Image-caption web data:
■ ■ ■ ■ ■
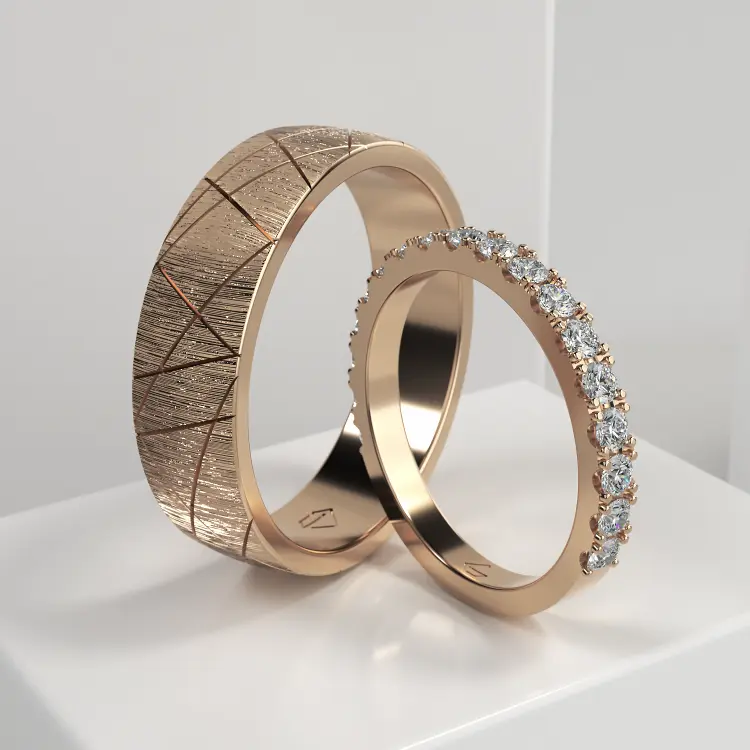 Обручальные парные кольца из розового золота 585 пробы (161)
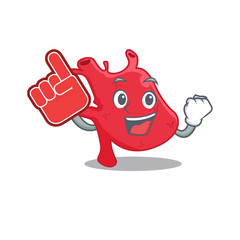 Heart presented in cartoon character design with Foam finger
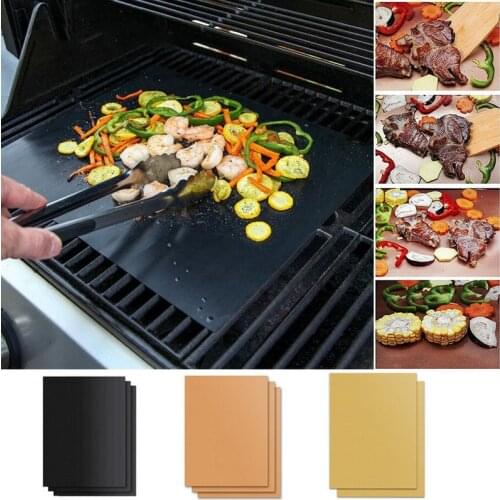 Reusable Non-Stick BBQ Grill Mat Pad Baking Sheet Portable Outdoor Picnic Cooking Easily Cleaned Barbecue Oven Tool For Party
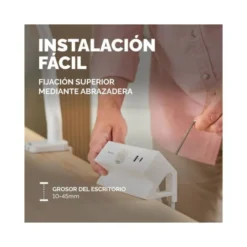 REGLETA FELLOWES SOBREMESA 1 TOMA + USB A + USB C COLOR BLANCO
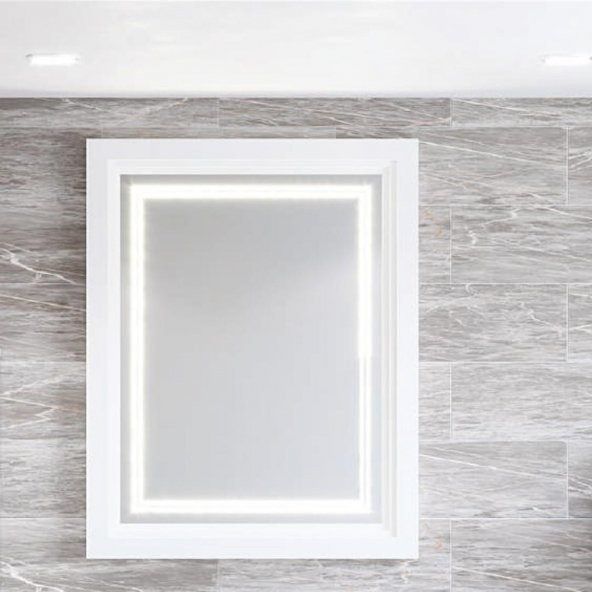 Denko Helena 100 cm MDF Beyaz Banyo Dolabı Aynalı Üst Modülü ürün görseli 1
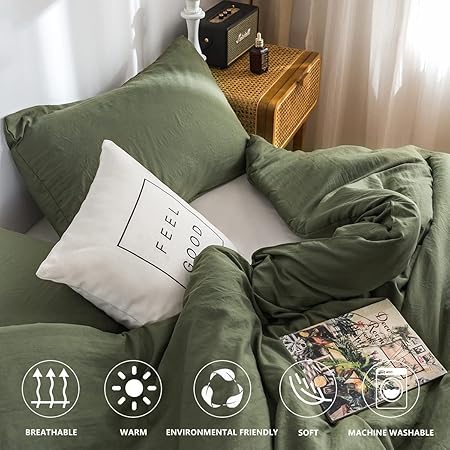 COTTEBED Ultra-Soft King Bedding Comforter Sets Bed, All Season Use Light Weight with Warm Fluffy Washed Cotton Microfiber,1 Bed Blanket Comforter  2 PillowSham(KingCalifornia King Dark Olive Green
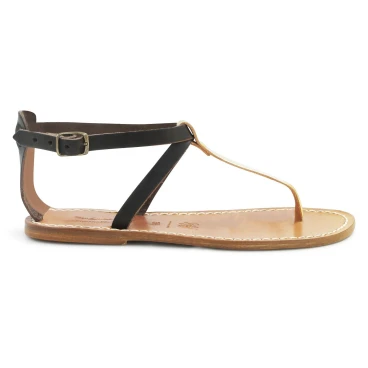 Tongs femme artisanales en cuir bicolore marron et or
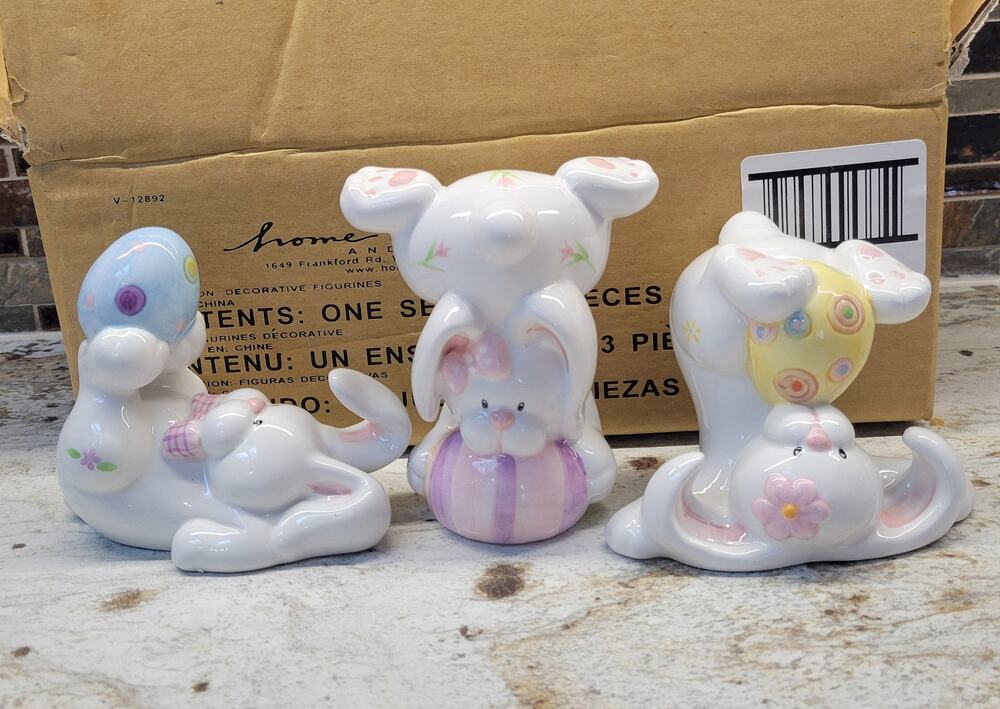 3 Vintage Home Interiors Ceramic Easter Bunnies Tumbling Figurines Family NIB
■ ■ ■ ■ ■
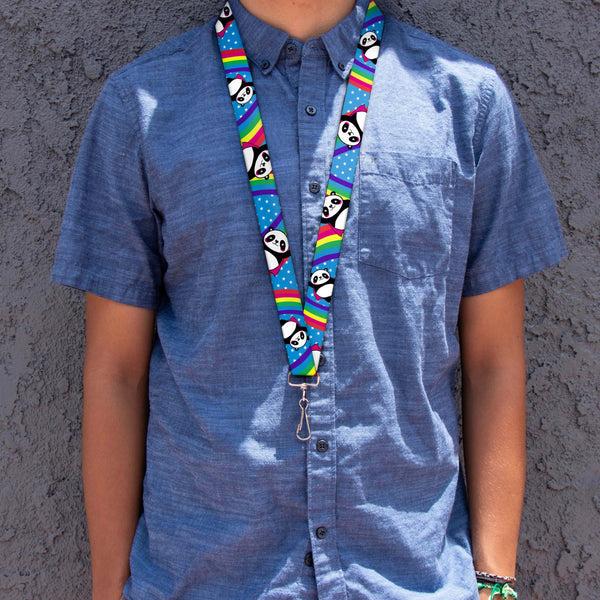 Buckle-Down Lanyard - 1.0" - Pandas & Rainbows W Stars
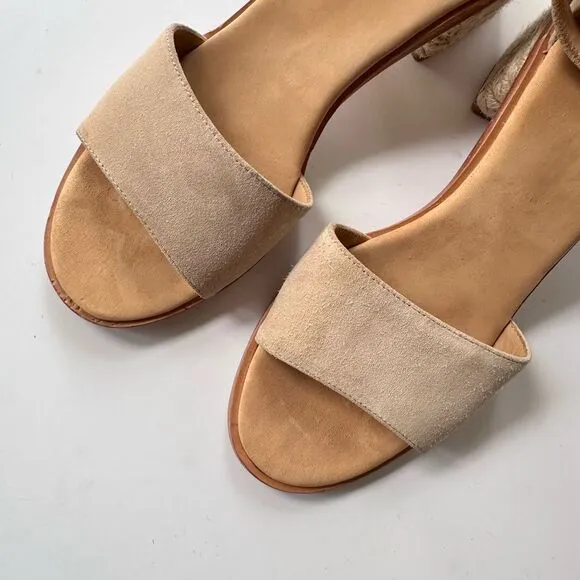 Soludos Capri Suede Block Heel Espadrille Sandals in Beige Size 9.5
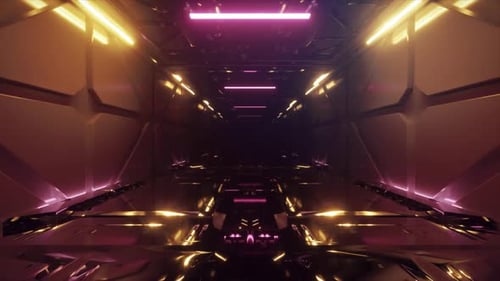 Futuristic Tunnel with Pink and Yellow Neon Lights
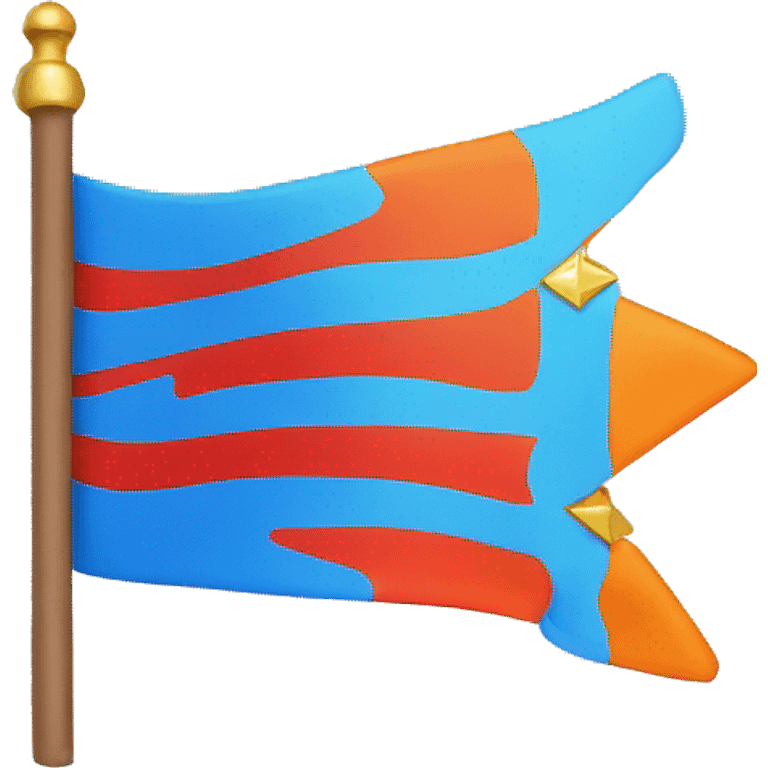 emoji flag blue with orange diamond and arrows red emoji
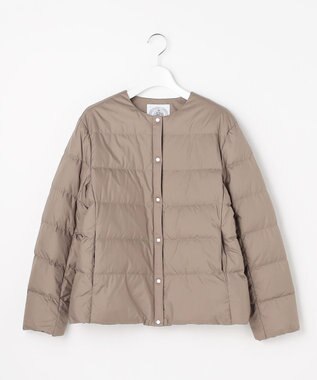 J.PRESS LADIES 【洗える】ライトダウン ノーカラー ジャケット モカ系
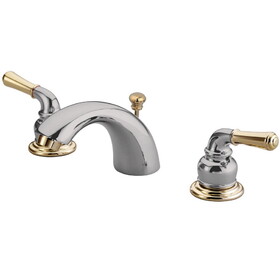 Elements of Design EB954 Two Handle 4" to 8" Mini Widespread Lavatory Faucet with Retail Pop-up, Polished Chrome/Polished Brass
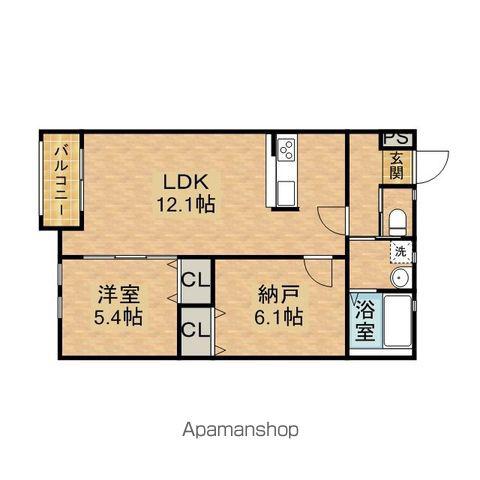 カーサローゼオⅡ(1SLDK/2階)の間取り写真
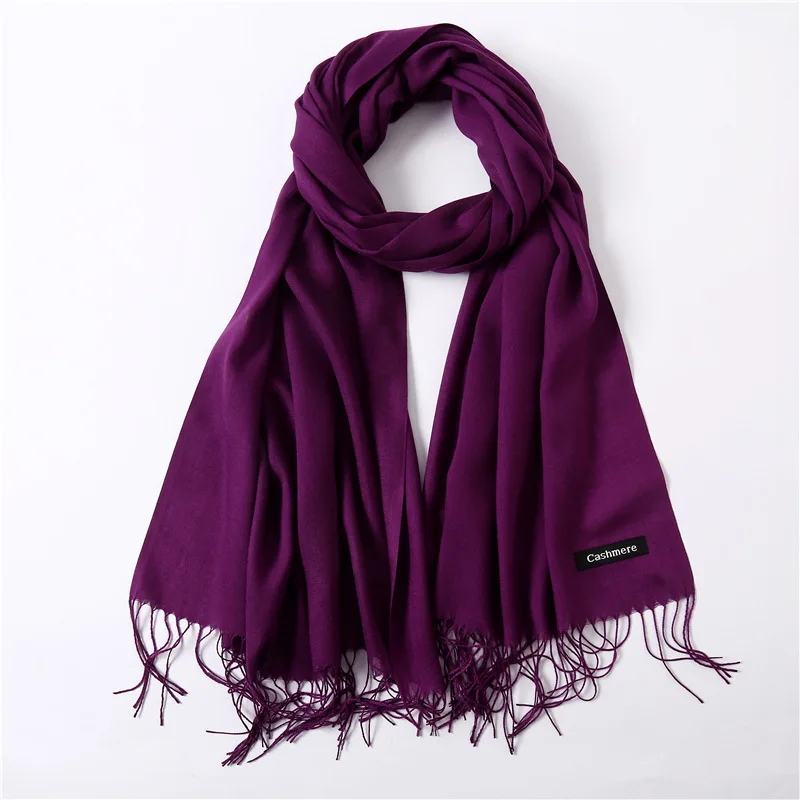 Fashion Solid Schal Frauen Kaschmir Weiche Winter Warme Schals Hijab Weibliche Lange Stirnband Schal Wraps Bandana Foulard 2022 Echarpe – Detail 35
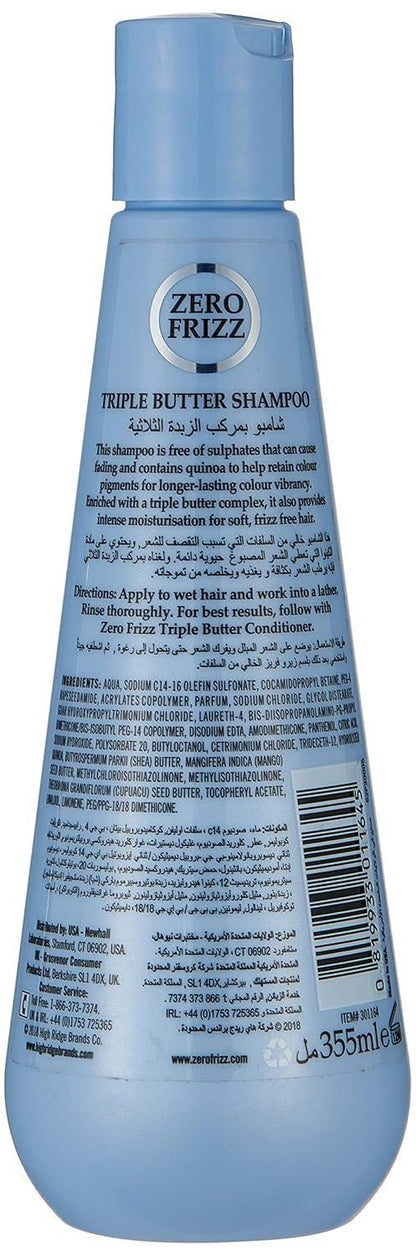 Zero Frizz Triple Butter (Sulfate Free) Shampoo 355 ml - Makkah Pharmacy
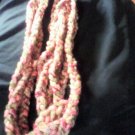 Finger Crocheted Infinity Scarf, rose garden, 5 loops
■ ■ ■ ■ ■
Task details:
Leaving out each picture, repeat exactly the lines above from the one that contains "Elements of Design" through the one that contains "Finger Crocheted Infinity".

Result below:
 Elements of Design EB954 Two Handle 4" to 8" Mini Widespread Lavatory Faucet with Retail Pop-up, Polished Chrome/Polished Brass
 カーサローゼオⅡ(1SLDK/2階)の間取り写真
 Fashion Solid Schal Frauen Kaschmir Weiche Winter Warme Schals Hijab Weibliche Lange Stirnband Schal Wraps Bandana Foulard 2022 Echarpe – Detail 35
 Zero Frizz Triple Butter (Sulfate Free) Shampoo 355 ml - Makkah Pharmacy
 Finger Crocheted Infinity Scarf, rose garden, 5 loops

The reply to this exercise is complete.